Certa vez fiz uma viagem de navio mercante, Loyd Nicarágua. Tinha 19
anos, era o mais jovem no navio. Com jeito de sabido fui chamado para resolver
uma questão: metade da tripulação afirmava ter o camelo
duas corcovas e a outra metade, apostava em uma só, e dizia: “quem
tem o dobro é o dromedário”.
Depois de um instante, disse que me interessava mais por animais da minha terra,
e perguntei se eles conheciam chupati, mão pelada, caticoco, cachorro
d’água, ouriço-cacheiro, gambá...
A tripulação era de toda parte do Brasil.
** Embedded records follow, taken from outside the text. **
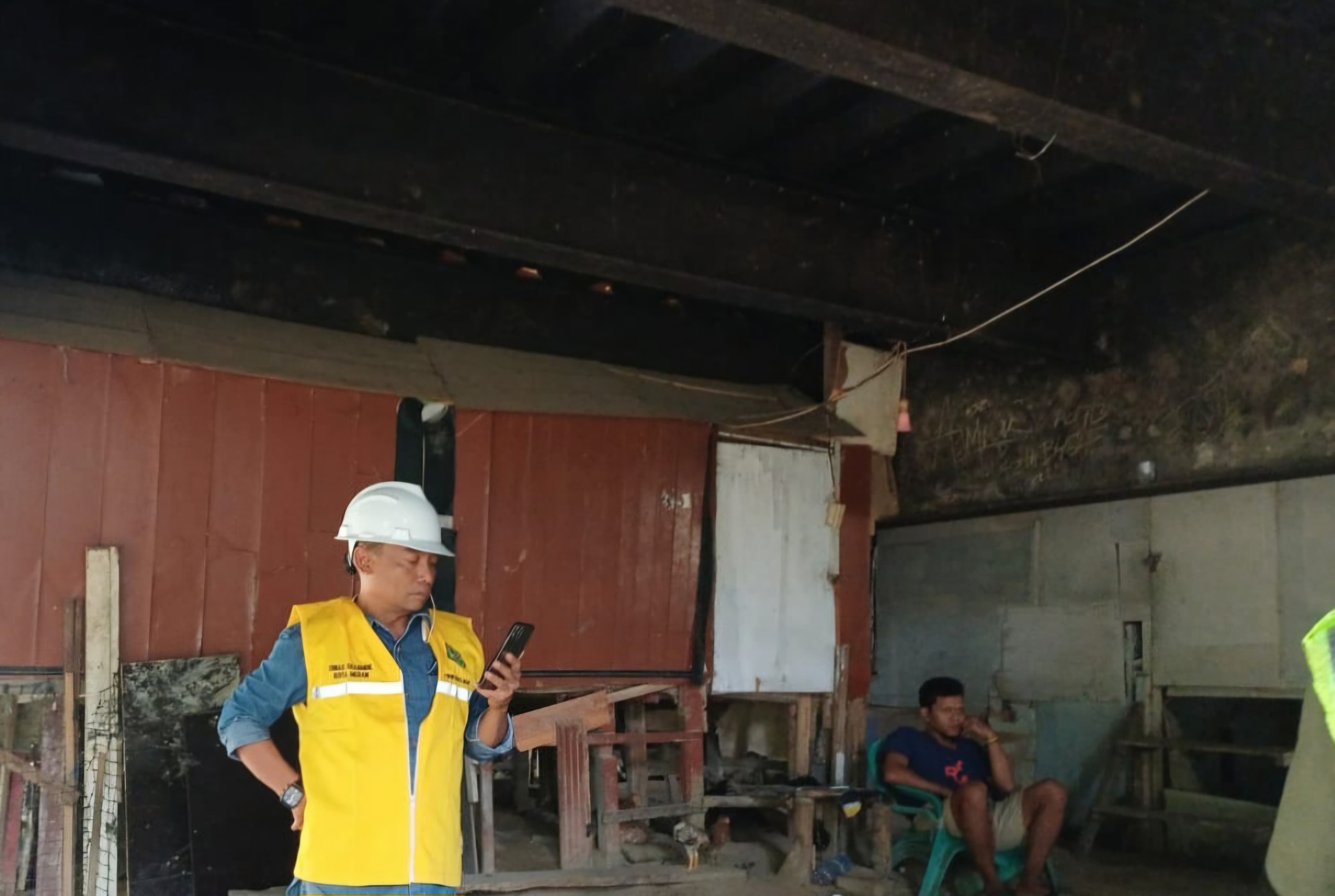 Petugas SDMBK Kota Medan menemukan bangunan yang dihuni beberapa keluarga utuh di kolong jembatan Kejaksaan. (ISTIMEWA/SUMUT POS).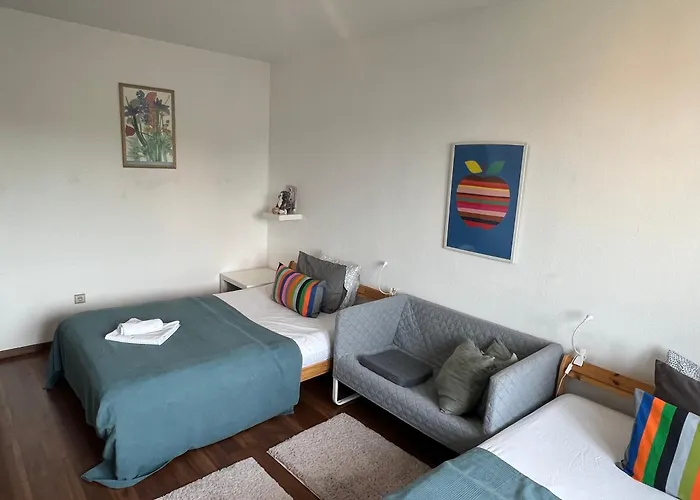 Stylish Youthful In The Heart Of Moedling, Fiatalos Boldog Otthon Sziveben Daire *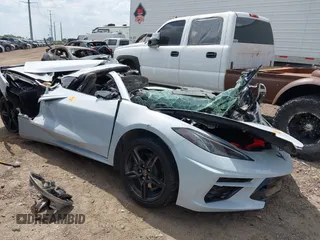 2023 Chevrolet Corvette 1LT z VIN 1G1YA2D45P5136865, wystawiony jako IAAI lot #42402111 z przebiegiem Nie podano mil oraz . Historia ofert i sprzedaży dostępna na DreamBid. Obrazek 1.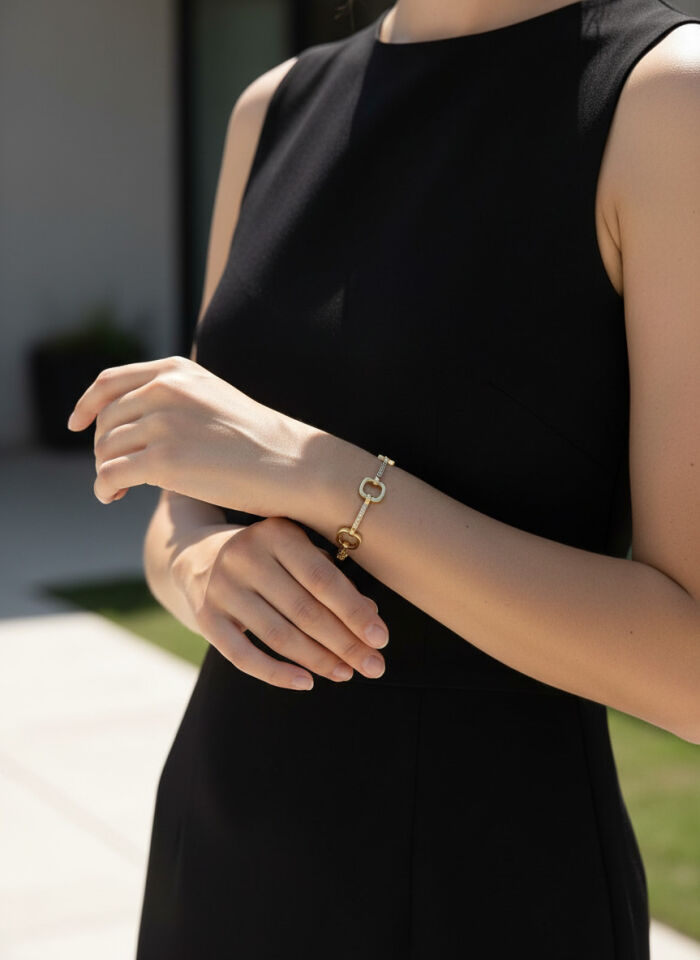 Valmont Accessories Kadın Gold Renk Zirkon Taşlı Kare Halkalı Bileklik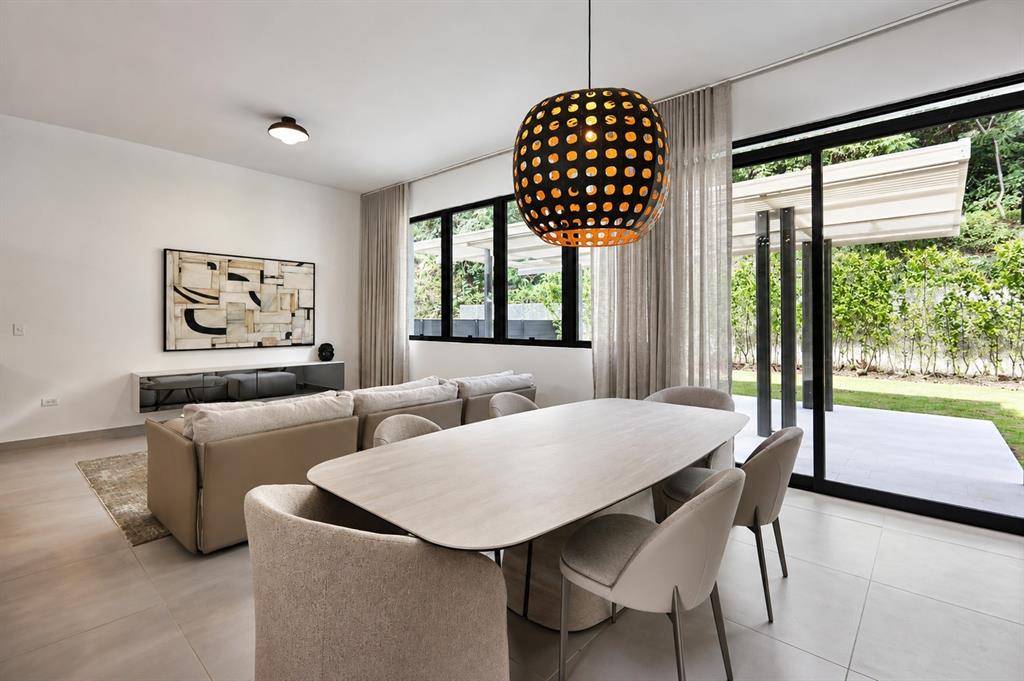 Apatita, Monteazul, Guaynabo - 8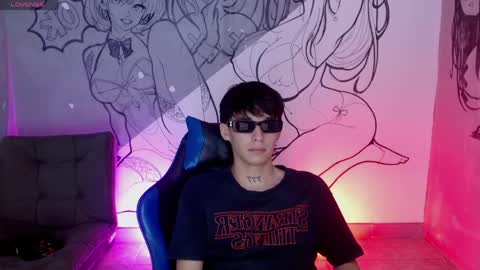 marco_777_ online show from April 26, 6:59 pm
Logo começou
um troca-troca de informações e durante o resto da viagem, quase
todo dia, tinha novidade. Era bicho que não acabava mais e histórias
fantásticas sobre caçadas e pescarias. Desenvolveu-se um ambiente
de aprendizagem.
Morando na Barra do Jucu em 1974, ganhei um livro do Sr. Alcides Gomes da Silva,
mestre Alcides da congada da Barra. O livro era uma herança, foi prêmio
conquistado por seu pai Joaquim, quando aluno da Escola Estadual do Tanque
(Viana).
Joaquim Pinto da Silva nasceu em 1865, e morou em Jaguaruçu. Matriculou-se
na Capitania dos Portos de Vitória, como remador, em 5 de julho de 1916,
aos 51 anos e trabalhou até os 72 anos. O menino Joaquim recebeu o livro “Maravilhas
da Creação” do Inspetor de Ensino do Estado, com dedicatória
elogiando seu desempenho nos estudos. Este livro, impresso em 1870, foi conservado
enrolado em pano, por seu filho Alcides. Em 1974, passados 104 anos, apresentava
depois da 10ª página o aspecto de recém saído do
prelo. Editado em português na França, descreve camelo, leão,
foca e outros animais exóticos. A capa é gravada com ouro, assim
como as extremidades das folhas internas. Seu Alcides me deu este livro, que
entreguei ao historiador Levy Rocha, casado com a professora Anna Bernardes
da Silveira Rocha, especialista em educação pública. Na
casa deles, na Toca, havia uma exelente biblioteca.
Depois de 1 século do prêmio recebido, na escola, pelo menino
Joaquim, a história se repete; agora, em grandes proporções.
Infelizmente, não houve aprendizagem do governo: o Governador do Estado
junto com empresários abriu, com pompa e circunstância, uma ótima
exposição de fotografias, no Parque da Pedra da Cebola. Em entrevista,
informou que cópias das fotos expostas serão distribuídas
para alunos das escolas estaduais. As fotos mostram paisagens desoladas e animais
exóticos, como o pingüim.
No Brasil há uma overdose de informações sobre animais
exóticos: zoológicos, fotos, vídeos e filmes. Recentemente,
programa líder de audiência na TV mostrou um peixe que desliza
na terra, como curiosidade da Ásia. Reconhecemos o camboatá ou “sobe-morro”,
dos brejos da Barra do Jucu.
Se a mídia tende a divulgar o exótico, seria interessante o governo
equilibrar a balança, oferecendo como recurso pedagógico, imagens
da nossa natureza. O primeiro passo numa aproximação é o
conhecimento. Com a natureza não é diferente. Como podemos esperar
das novas gerações comportamento contemporâneo em relação
a ela, se a mentalidade do governo é a mesma de há 1 século?
Como amar o que não conhecemos?
Escola é lugar de encontro, troca de experiências e desenvolvimento
psico-motor. Partindo do conhecimento exercitamos a capacidade de compreensão,
aplicação, análise, síntese e avaliação
das informações recebidas. Ali se forma o cidadão. O material
didático deve ser criteriosamente selecionado por professores; jamais
por empresário de bom gosto, artista bem intencionado ou governo desatento.